This past 6 December, 2016-2017 Medieval Fellow Dr. John McCaskey delivered his lecture “Inductio: The Medieval Transmission and Humanist Solution to the Scandal of Philosophy,” concluding this semester’s Medieval Studies lecture series. Addressing the textual transmission of the concept of inductive reasoning from Aristotle and Socrates through Scholastic thinkers and into the Renaissance, McCaskey presented medieval thinkers as reinterpreting the Aristotelian definition of inductive reasoning so as to create a new form of philosophical analysis, which, though perhaps contrary to the original intention of Aristotle, stood as a unique form unto itself.
While Aristotle and, later, the Italian humanists who reexamined his work and thought, understood induction to be a process of enumeration, scholastics and Neo-Platonists, McCaskey believes, understood induction to be a process equating to deduction. According to McCaskey, medieval thinkers approached inductive reasoning as a process of narrowing down the nature of what something is by what traits it shares in common with something else. Classical and Renaissance thinkers, conversely, approached induction as defining what something is by understanding what it does in relation to what other similar things do.

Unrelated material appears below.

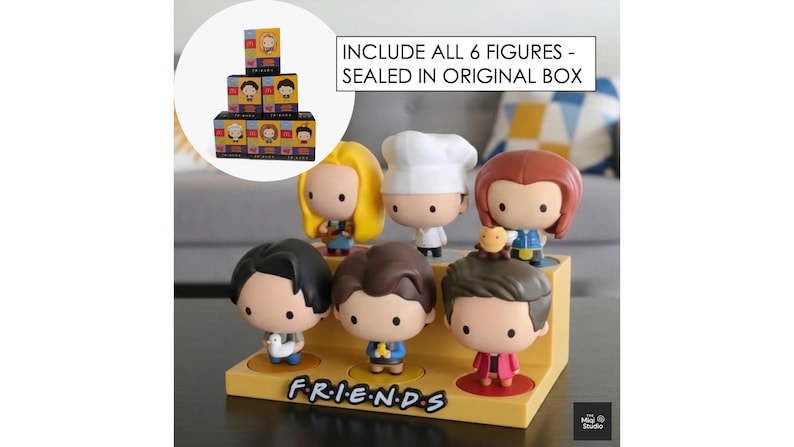 May include: A set of six Friends character figurines displayed on a yellow stand with the show's logo. The figurines have large heads and are in various outfits. The text "INCLUDE ALL 6 FIGURES - SEALED IN ORIGINAL BOX" is visible.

Using the example of magnets attaching or not attaching themselves to an iron rod, McCaskey described this difference by showing that we can define a magnet according to its appearance being similar to other magnets or according to whether a magnet actually is attracted to the iron rod. The difference is in how we define a magnet: is it a thing that does what all magnets are supposed to do, or is a magnet that which appears to be a magnet, regardless of actual function? This difference in interpretation between Classical and Humanist and Medieval thinkers McCaskey largely attributes to alterations and items lost in the 500 years of translation of Aristotelian and Socratic texts as they made their way from Greek to Syriac, to Arabic, then Hebrew, and finally Latin.
The Centre would like to thank Dr. McCaskey for his lecture and for ending the semester’s lecture series on such an engaging note.